Five years ago, new evidence about vitamin D alerted doctors to the impacts of vitamin D deficits on patient health. This drove a meteoric increase in vitamin D testing in labs across North America. At some clinics, vitamin D testing became one of the single biggest expenses in the budget for lab services.

For all those tests and all that money, you would expect that doctors were at least getting useful information from the results. But they weren’t.

Vitamin D levels are not good predictors of bone health—or other health outcomes for that matter. Patients have different underlying disease susceptibilities, and, depending on supplements, their serum vitamin D levels go up and down. So, knowing a patient’s current vitamin D level has dubious value.

Ample evidence, however, shows the benefits of vitamin D supplements for almost everyone, regardless of their baseline vitamin D level. Therefore, a strategy of “treat don’t test” makes eminent sense and saves valuable health-care resources for testing that actually has a clinical impact.

In the setting of finite health-care resources, tradeoffs such as this—between clinical utility and costs of testing—will become increasingly important.

As health practitioners, we share an ethical responsibility to provide good stewardship of limited health-care dollars and testing resources. Whether you are a primary-care physician or resident, a medical student, or a health professional in an allied field, you need to be lab literate: you need to know which tests have the highest yield for the clinical situations you typically encounter.

Many references help you interpret lab investigations, but they don’t tell you what investigations to do in the first place. This guide is about what lab investigations to do first. We outline the most efficient and cost-effective way for you to use laboratory investigations to support clinical diagnosis and management.

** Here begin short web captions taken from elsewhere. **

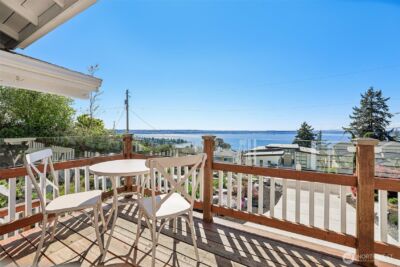 6111 Hawthorne Terrace NE NE, Tacoma, WA 98422 - Photo 3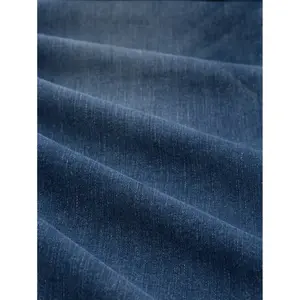 Super-Stretch Straight Jeans Tom Tailor Marvin image-4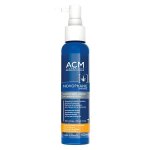 Acm novophane chronic lotion anti - chute 100ml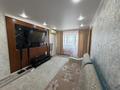 2-бөлмелі пәтер · 64 м² · 4 қабат, Ескалиева 106 — Филармония, бағасы: 15 000 ₸ в Уральске — фото 5
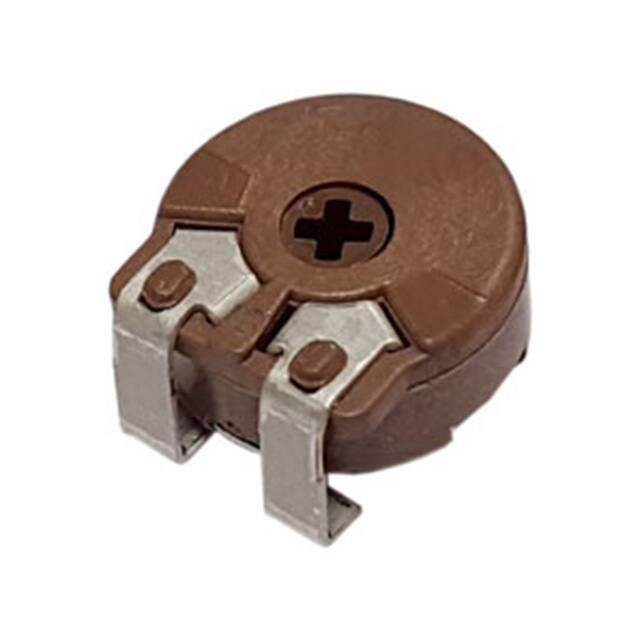 PSC10KV50-104A0505 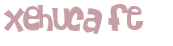 Captcha 챌린지
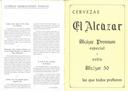 Abrir Candil : bolet&iacute;n de la Pe&ntilde;a Flamenca de Ja&eacute;n. N.&ordm; 1, 4/1978. P&aacute;gina&nbsp;6. [P&aacute;gina]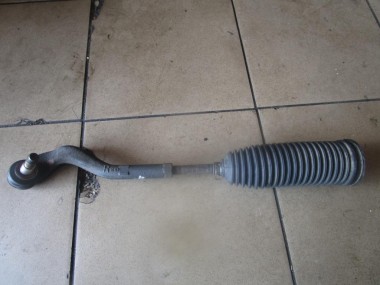 Рулевые наконечники в сборе MERCEDES-BENZ E-класс W212/S212/C207/A207 (2009 - 2013) — Разборка Мерседес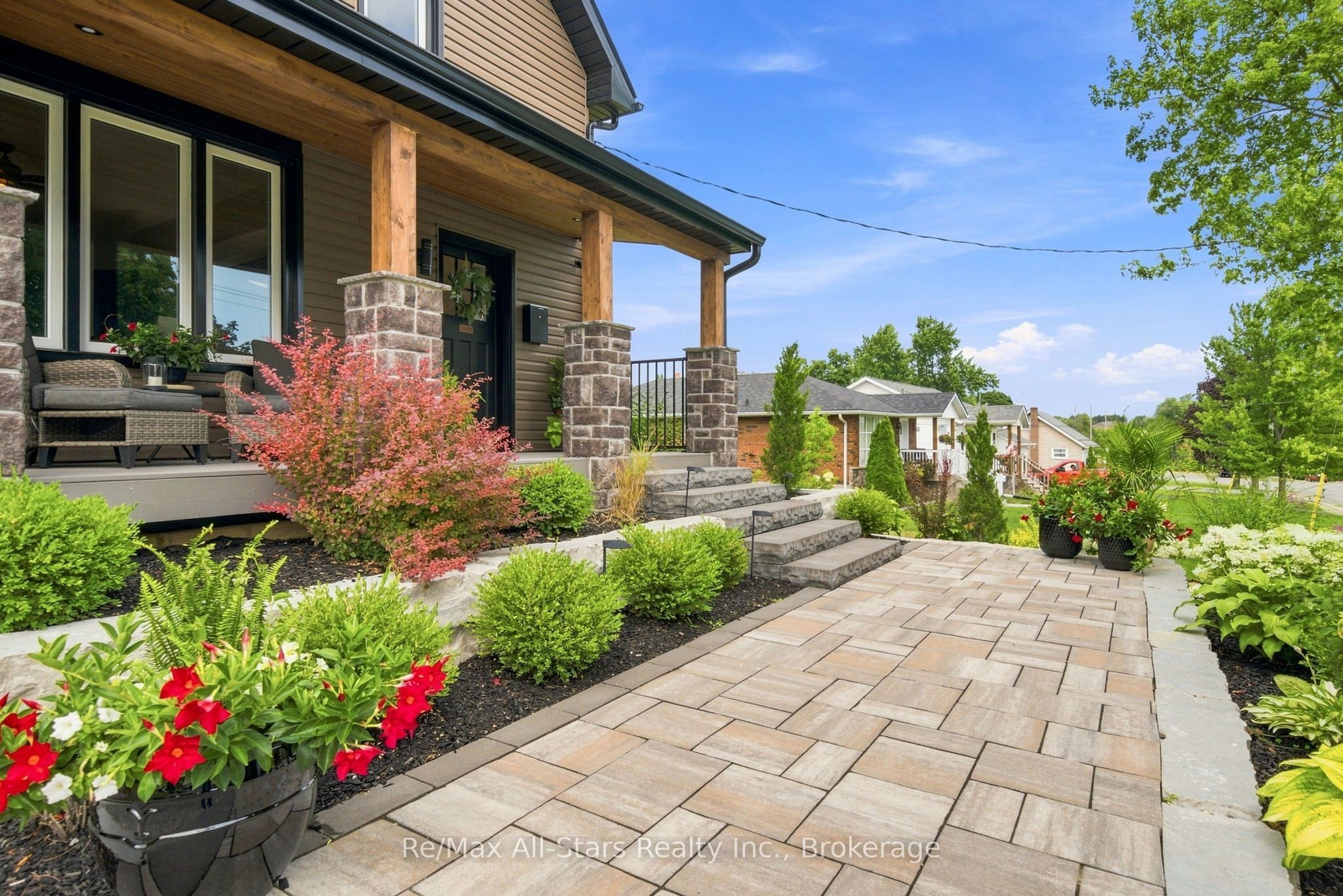 20 Mary Street E, Kawartha Lakes, ON K9V 1V3 photo 3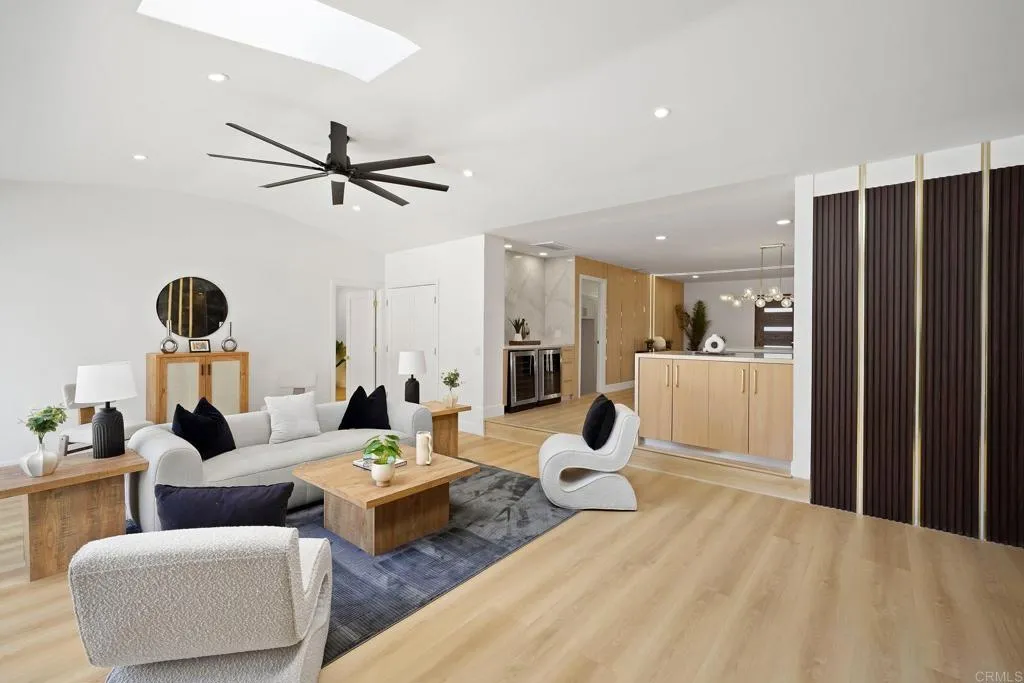https://cdn.realtyfeed.com/cdn/127/306555670/cc9033078bc0faa39062a745363a446f.webp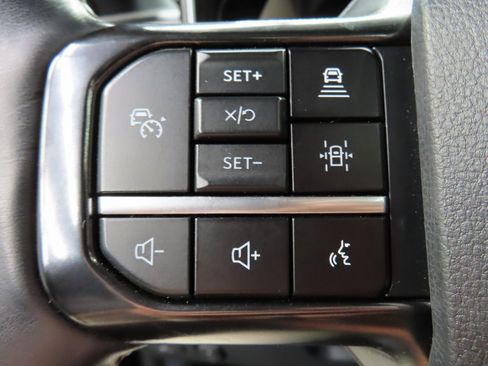 Used 2024 Ford F250 Platinum image 66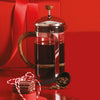 error-product-image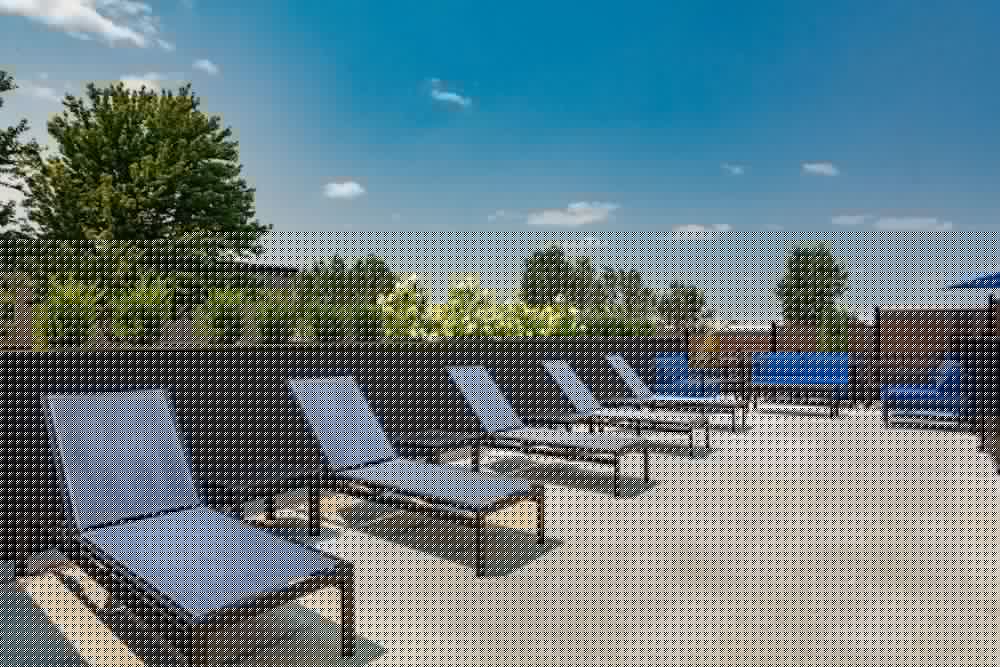 La Quinta Inn & Suites by Wyndham Joplin 9/56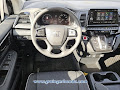 2026 Honda Odyssey Elite Auto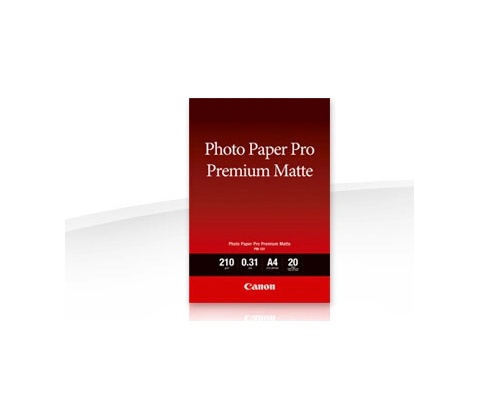 Canon PM101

How to use this guide The main guide

The guide is organized the way clinicians think: by clinical presentation and by organ system. So, if you have a patient with a skin problem, go to the section on dermatology. If a patient presents with fatigue, go to the section on fatigue.

In addition to information on lab investigations, we provide, where useful, differential diagnoses, etiologies, and summaries of signs and symptoms. We also share some “pearls”—particular knowledge about lab investigations we have gathered as experts and clinicians in our fields.

Lab basics

Lab investigations are only as good as the specimens delivered for analysis, and lab results are only as useful as human slip-ups and margins of error allow.

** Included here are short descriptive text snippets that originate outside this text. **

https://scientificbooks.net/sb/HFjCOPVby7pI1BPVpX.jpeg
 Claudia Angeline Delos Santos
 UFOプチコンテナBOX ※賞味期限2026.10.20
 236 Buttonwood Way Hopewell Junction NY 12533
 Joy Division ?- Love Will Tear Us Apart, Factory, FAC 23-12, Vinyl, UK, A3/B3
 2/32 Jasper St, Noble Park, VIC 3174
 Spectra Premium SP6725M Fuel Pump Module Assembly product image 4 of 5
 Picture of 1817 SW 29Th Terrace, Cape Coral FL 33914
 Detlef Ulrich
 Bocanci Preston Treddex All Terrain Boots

Find advice and information here on lab errors, false positives and negatives, and blood and tissue collection.

Lab investigations index

This index describes the diagnostic purpose of the lab investigations discussed in the guide, plus other common lab tests.

If you need a quick check on what an investigation is for, look it up here.

What’s not in this guide

This guide focuses on laboratory investigations. It does not cover diagnostic imaging.

It covers typical disorders and clinical presentations. It does not cover every disorder and clinical presentation, and is not meant to replace sound clinical judgement.

A note about units

This guide gives laboratory values in both conventional units and SI units (the International System of Units). We give the conventional units first and the SI units second.

We did this to be thorough: US laboratories usually report test results in conventional units, but SI units are increasingly used in the United States.

For this reason, we felt it was important to provide laboratory values in both systems as a reference.